_Exercise inputs_
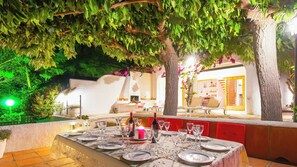 Un área de comedor al aire libre con una mesa lista para una comida, rodeada de árboles y una pared blanca.
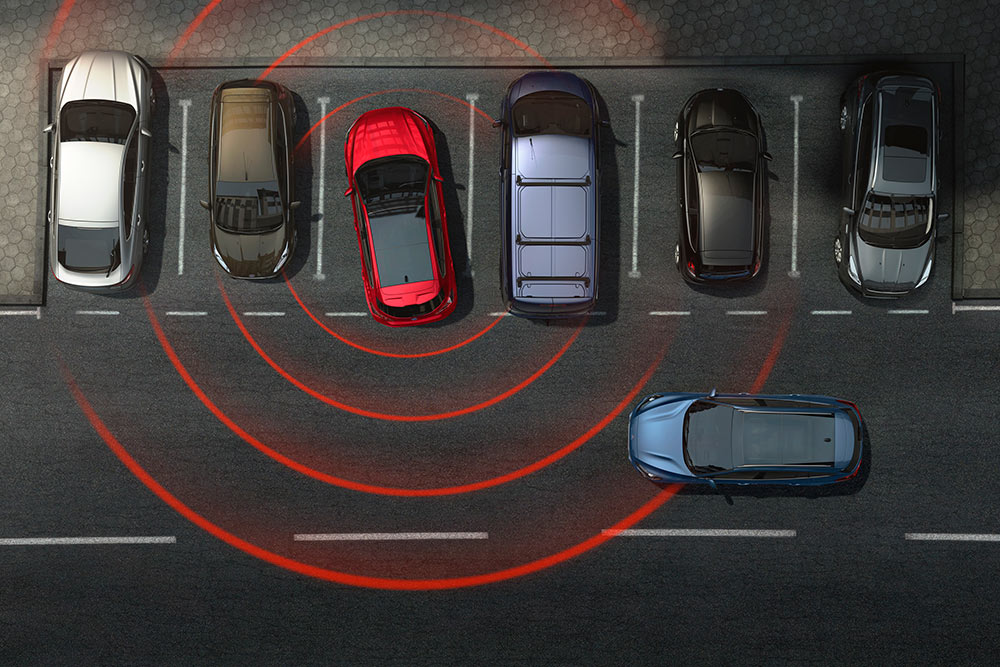 Grafik zeigt ein Ford-Fahrzeug, das rückwärts aus einer Parklücke fährt, mit aktivem Querverkehrswarner.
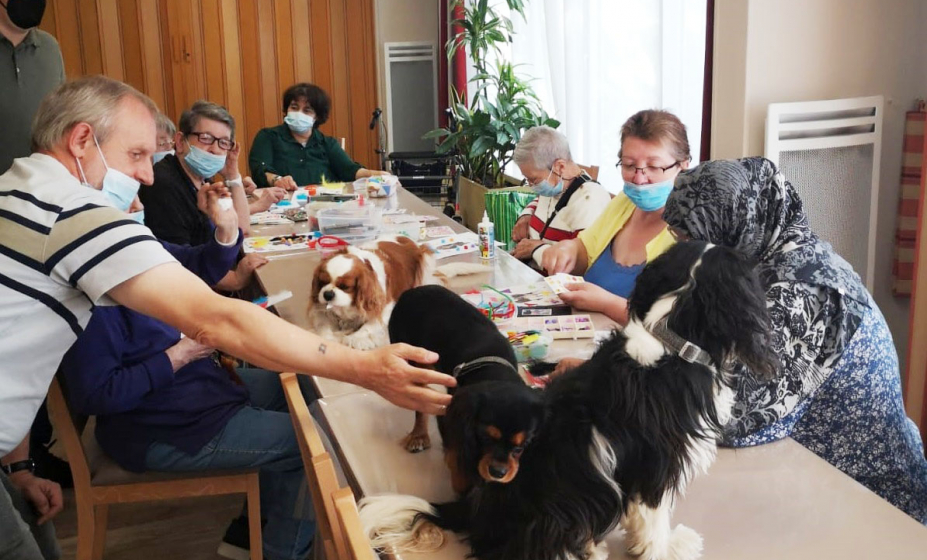 photo de l'atelier avec nos résidents et sur la table d'activités, les 3 cavaliers king charles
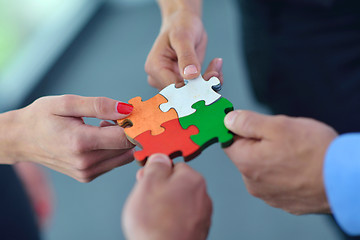 Image showing Group of business people assembling jigsaw puzzle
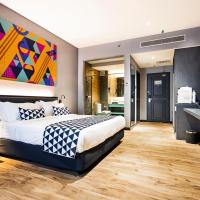 a bedroom with a king sized bed and a flat screen tv at TROVE Johor Bahru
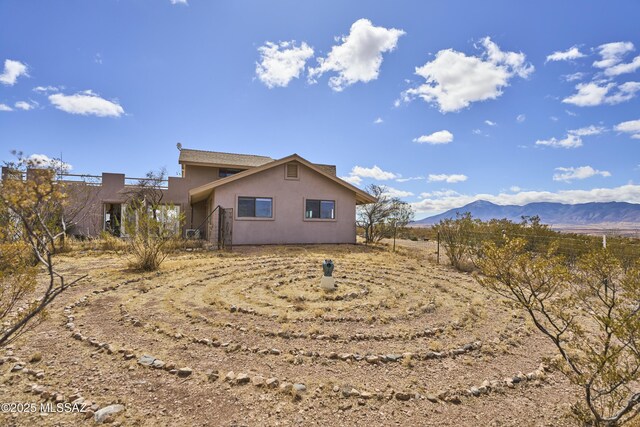 view of property exterior featuring stucco siding and a mountain view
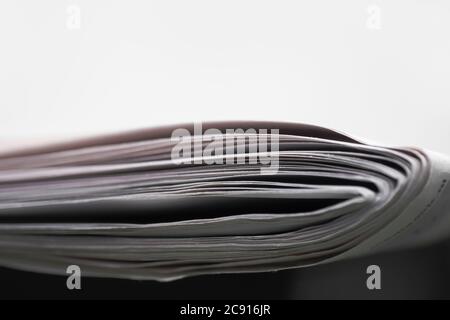 Folded newspapers on black table and white background, with narrow depth of field Stock Photo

_Description of the task_
Once you find the line that contains "a bedroom with", give it again along with every later line through the end of the data, word for word, minus the pictures.

_Written response_
 a bedroom with a king sized bed and a flat screen tv at TROVE Johor Bahru
 view of property exterior featuring stucco siding and a mountain view
 Folded newspapers on black table and white background, with narrow depth of field Stock Photo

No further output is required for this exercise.